The district court denied the remainder of the government’s
requested injunctive relief, including its proposed national
smoking cessation program, public education and counter-
marketing campaign, and youth smoking reduction plan. Id. at
933–34, 936–37. The court also denied the government’s
requests that it appoint a monitor to investigate and restructure
the Defendant companies, id. at 935, and that it order
Defendants to make public all “health and safety risk
information” about their products in their own files, id. at 929.
15
All Defendants except Liggett appealed, raising numerous
challenges to the finding of liability and the remedies imposed.

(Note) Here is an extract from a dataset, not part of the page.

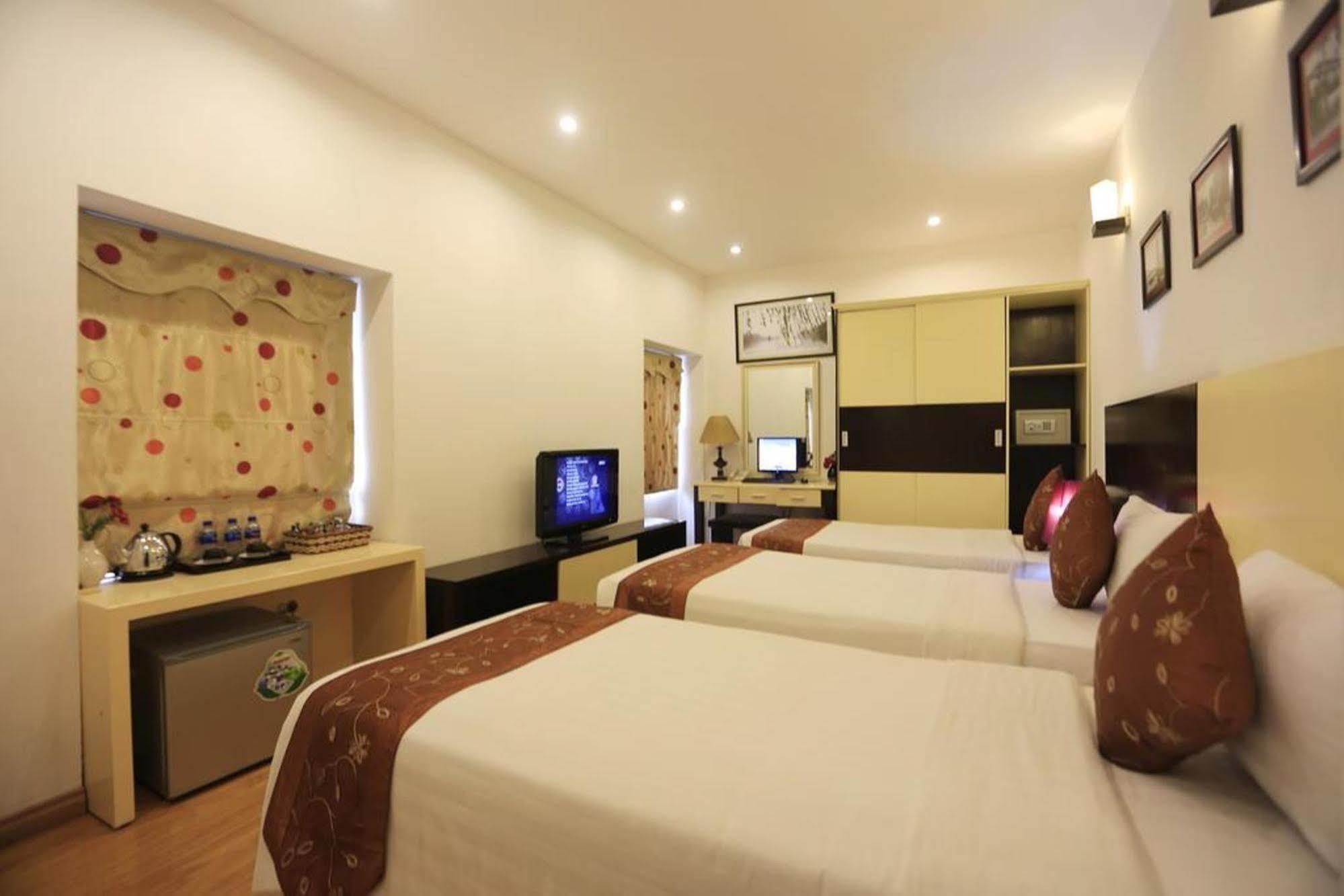 The Time 3* Hanoi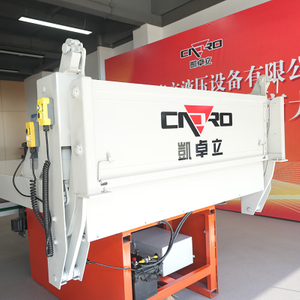 Pickup Truck Tail Lift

The government and the intervenors filed a cross-appeal
regarding the remedies that the district court denied. On
Defendants’ motion we stayed the remedial injunction pending
appeal.
We review the district court’s conclusions of law de novo.
SEC v. Wash. Inv. Network, 475 F.3d 392, 399 (D.C. Cir. 2007).
To the extent it is not based on legal error, we review the district
court’s decision to issue an injunction for abuse of discretion.
Id. We may not set aside the district court’s findings of fact
unless they are clearly erroneous, giving due regard to the
court’s opportunity to judge the witnesses’ credibility. Id.
(citing FED. R. CIV. P. 52(a)(6)). This standard applies even
when the district court adopts a party’s proposed findings
verbatim. Anderson v. City of Bessemer City, 470 U.S. 564, 572
(1985).
To establish RICO liability, the government had to prove
the necessary elements of RICO itself—including the existence
of an enterprise and a pattern of racketeering activity, 18 U.S.C.
§ 1962(c)—as well as the elements of the underlying conduct
constituting the racketeering acts, here, numerous instances of
mail and wire fraud under 18 U.S.C. §§ 1341 and 1343.
Defendants challenge the district court’s findings regarding both
RICO and the underlying fraud, as well as the remedies the court
imposed. We address Defendants’ challenges to RICO liability
in Part II, their general challenges to fraud liability in Part III,
their challenges to specific aspects of the fraudulent scheme and
the liability of specific Defendants in Part IV, their challenges
to the finding that they are likely to commit future violations and
therefore should be enjoined in Part V, and their challenges to
particular remedies the court imposed in Part VI.
16
II. Challenges to RICO Liability
A. RICO Enterprise
RICO makes it unlawful for “any person . . . associated with
any enterprise . . . to conduct or participate, directly or
indirectly, in the conduct of such enterprise’s affairs through a
pattern of racketeering activity.” 18 U.S.C. § 1962(c). Thus, in
a section 1962(c) suit, the defendants are the “persons” who
conduct the “enterprise’s” affairs through racketeering activity.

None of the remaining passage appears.